What is required: Since pictures do not belong in the copy, please repeat every record below exactly without them.

Pictures with short captions:

============================================================

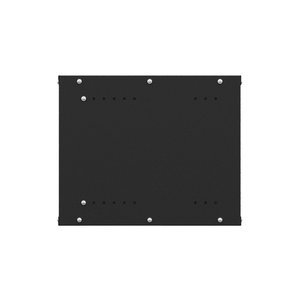 NTSS Шкаф настенный телекоммуникационный NTSS LIME 6U 550х350х370мм, 2 профиля 19, дверь стеклянная, боковые стенки несъемные, разобранный, черный RAL 9005 NTSS-WL6U5535GS-BL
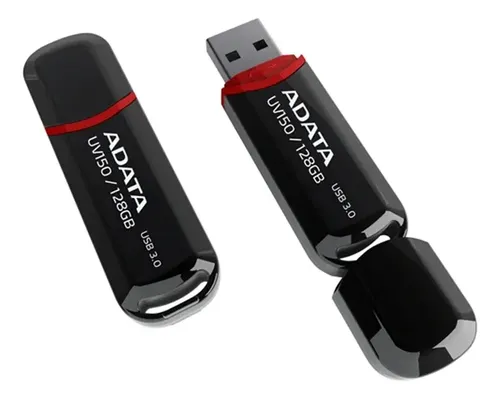 PENDRIVE 128GB ADATA UV150 USB 3.0 - NEGRO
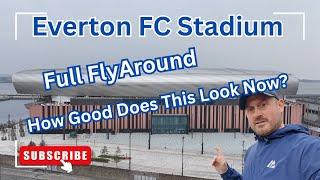 NEW Everton FC Stadium at Bramley Moore Dock. A Full FlyAround!
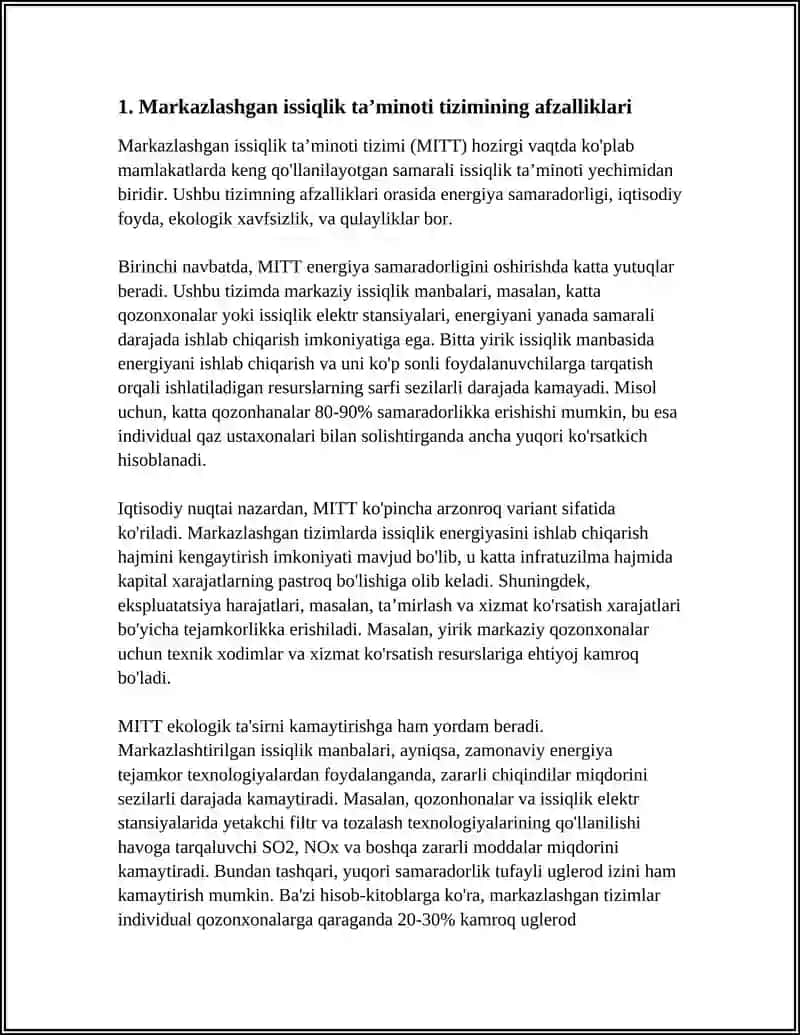 MARKAZLASHGAN ISSIQLIK TA’MINOTI TIZIMI 3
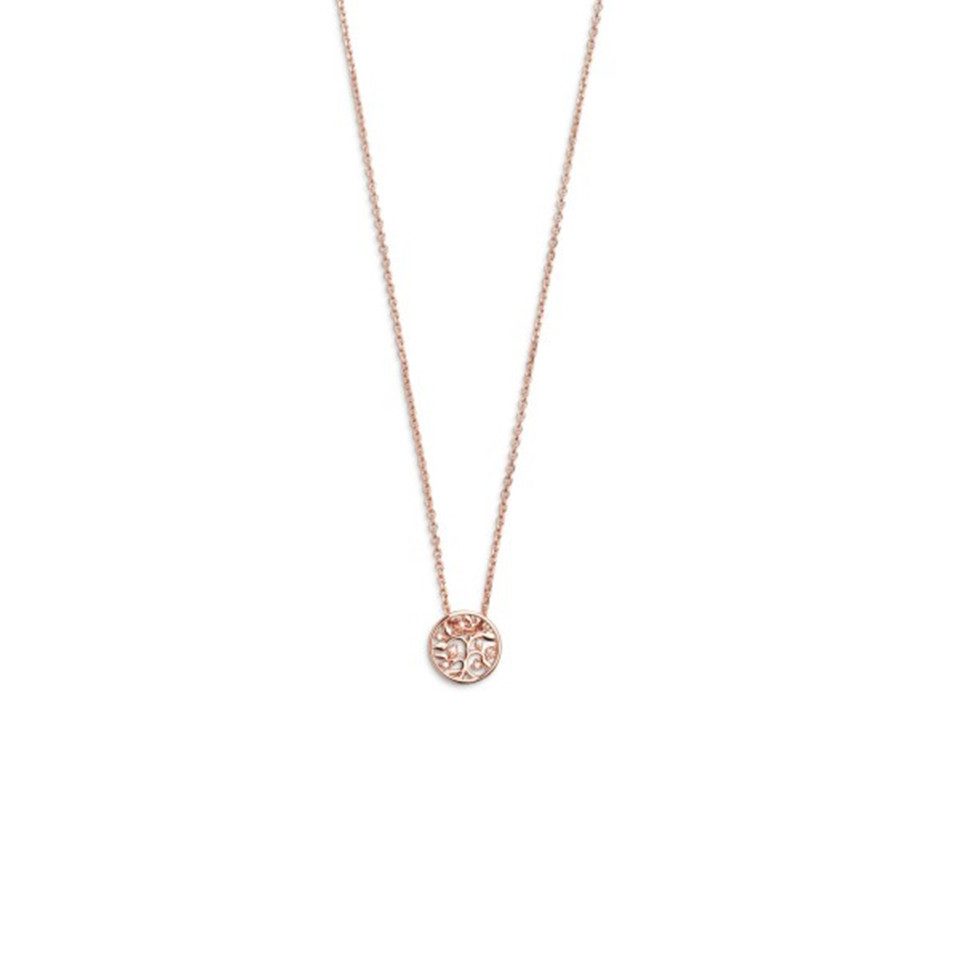 XENOX Kette mit Anhänger XENOX Kette Damen "Lebensbaum" roséarben XS3565R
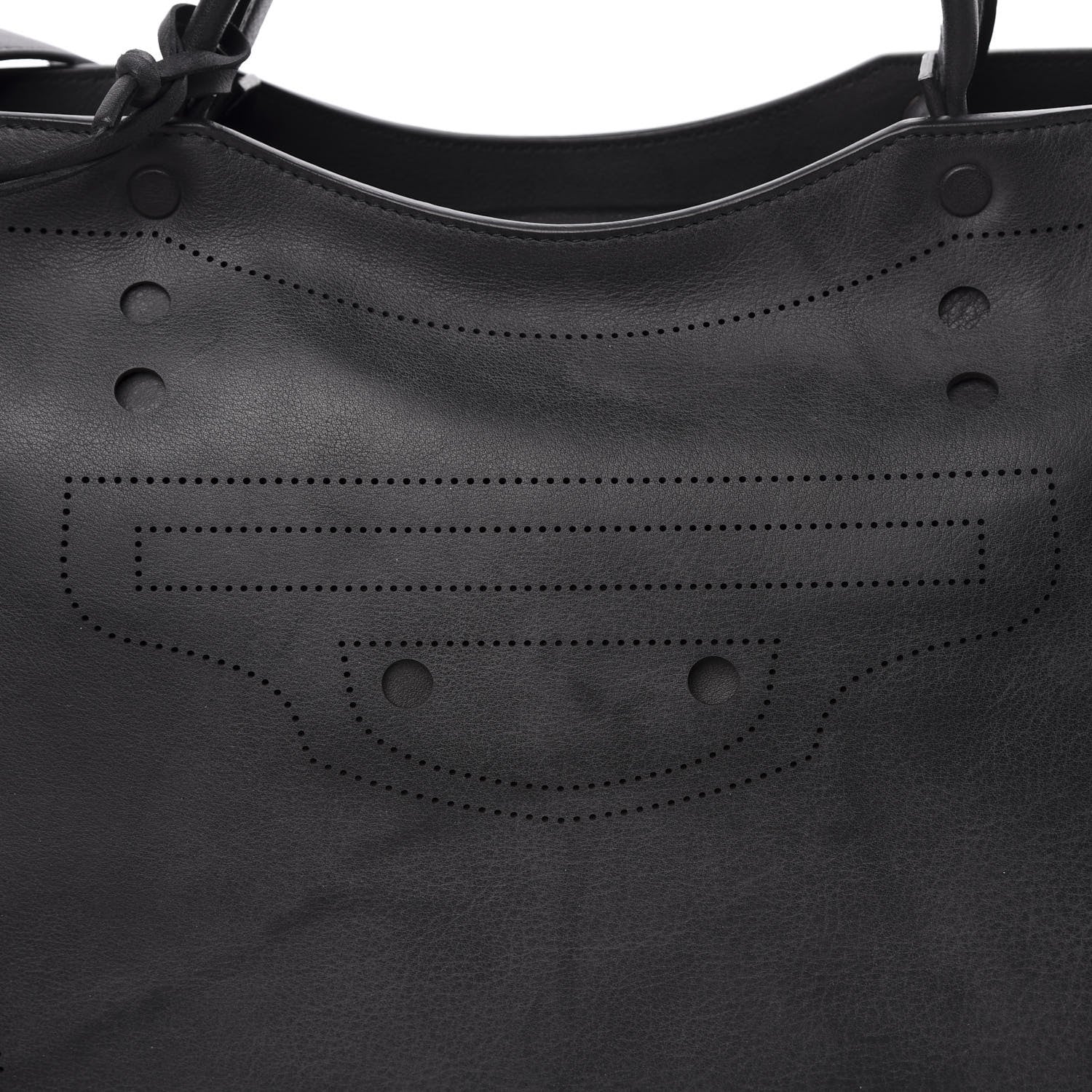 Balenciaga Veau Soyeux Perforated Blackout Hardware City Black 9 of 12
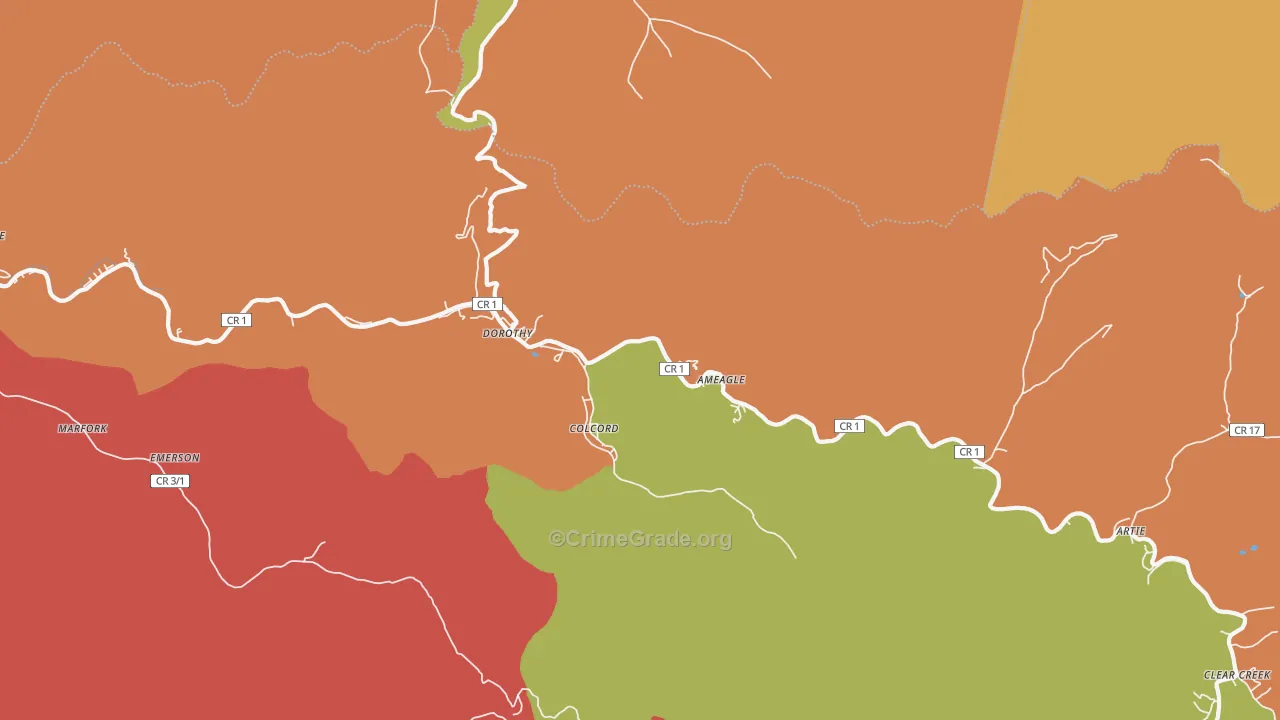 25060, WV Map of Drug-Related Crime Rates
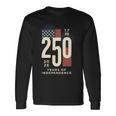 アメリカ250周年記念 愛国心が強い7月4日 250年 長袖tシャツ 長袖Tシャツ ギフトのアイデア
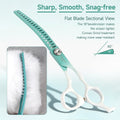 Curved Chunkers Scissors for Dog Grooming-7" Dog Grooming Scissors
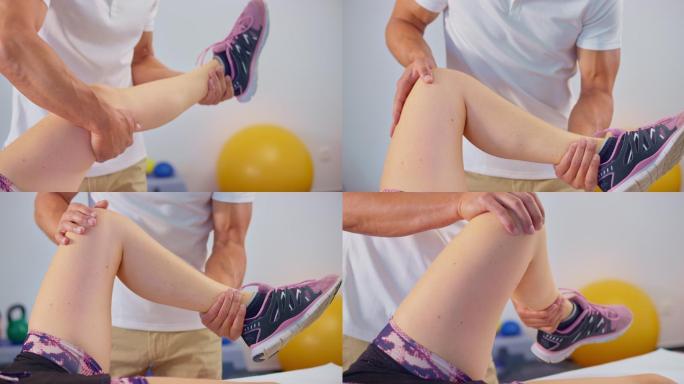 腿部肌肉检查运动损伤按摩理疗正骨推拿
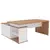 (Classe A) Mesa para Escritório Diretor em L 3 Gavetas 1 Porta Spring Yescasa Itapuã/Branco - loja online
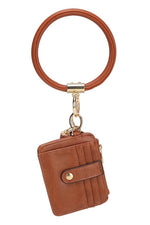 MKF CollectionVegan Leather Bracelet Keychain
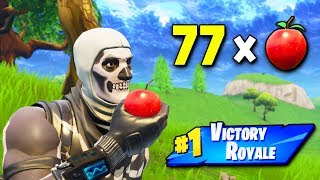 I ate 77 Apples and still won Fortnite Battle Royale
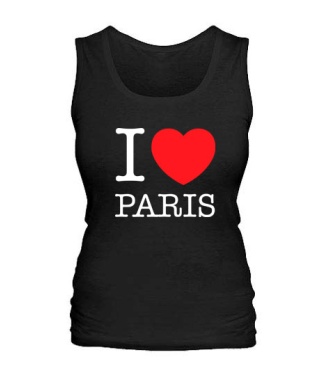 Женская майка I love Paris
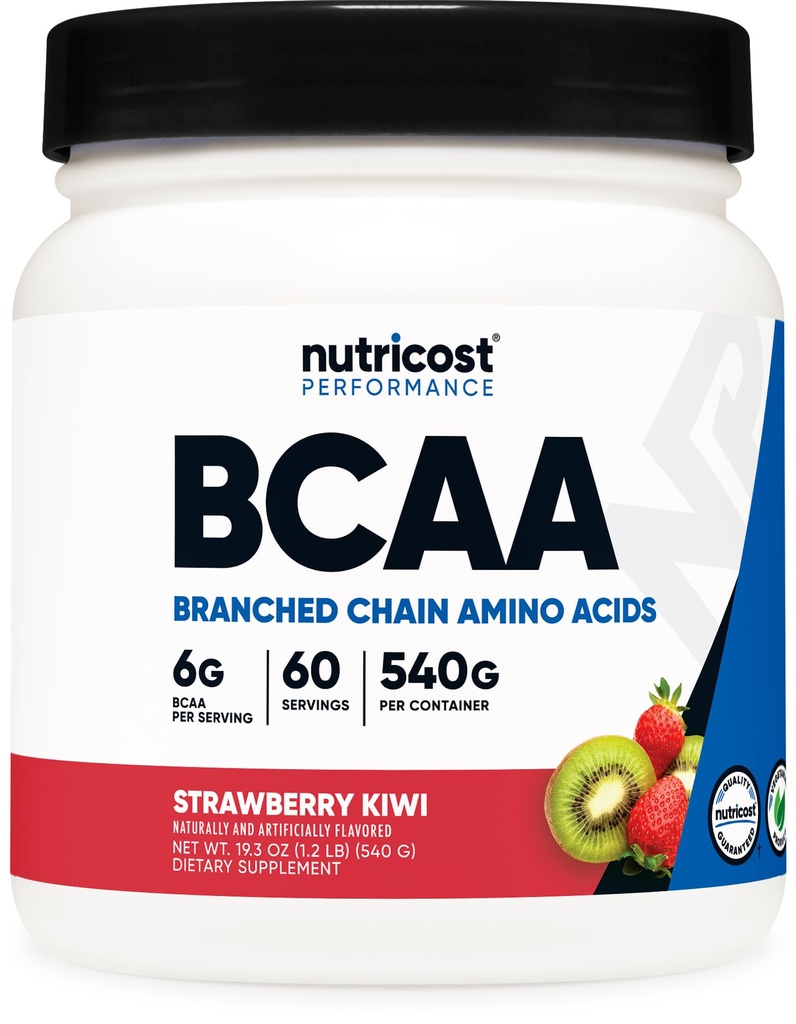 Nutricost BCAA pulver (Strawberry Kiwi) 60 serveringer - Optimal 2:1:1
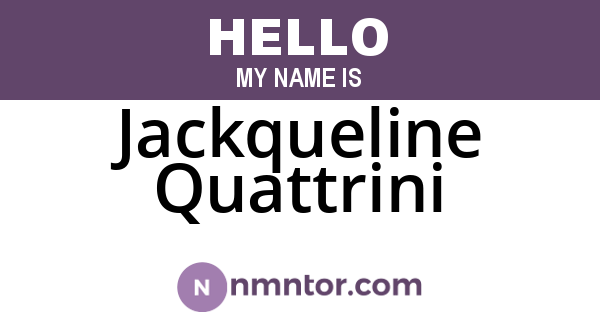 Jackqueline Quattrini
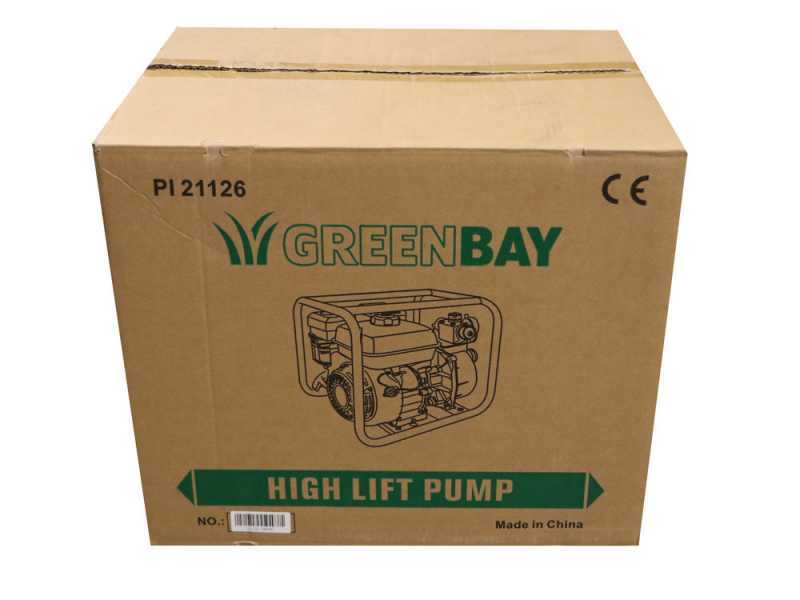 Motobomba de gasolina Greenbay GB-TWP 50 - con racores de 50 mm - para agua sucia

============================================================

Task response:
 NTSS Шкаф настенный телекоммуникационный NTSS LIME 6U 550х350х370мм, 2 профиля 19, дверь стеклянная, боковые стенки несъемные, разобранный, черный RAL 9005 NTSS-WL6U5535GS-BL
 PENDRIVE 128GB ADATA UV150 USB 3.0 - NEGRO
 NEW Everton FC Stadium at Bramley Moore Dock. A Full FlyAround!
 MARKAZLASHGAN ISSIQLIK TA’MINOTI TIZIMI 3
 XENOX Kette mit Anhänger XENOX Kette Damen "Lebensbaum" roséarben XS3565R
 Balenciaga Veau Soyeux Perforated Blackout Hardware City Black 9 of 12
 25060, WV Map of Drug-Related Crime Rates
 アメリカ250周年記念 愛国心が強い7月4日 250年 長袖tシャツ 長袖Tシャツ ギフトのアイデア
 Curved Chunkers Scissors for Dog Grooming-7" Dog Grooming Scissors
 腿部肌肉检查运动损伤按摩理疗正骨推拿
 (Classe A) Mesa para Escritório Diretor em L 3 Gavetas 1 Porta Spring Yescasa Itapuã/Branco - loja online
 MKF CollectionVegan Leather Bracelet Keychain
 I ate 77 Apples and still won Fortnite Battle Royale
 Женская майка I love Paris
 Nutricost BCAA pulver (Strawberry Kiwi) 60 serveringer - Optimal 2:1:1
 Jackqueline Quattrini
 Motobomba de gasolina Greenbay GB-TWP 50 - con racores de 50 mm - para agua sucia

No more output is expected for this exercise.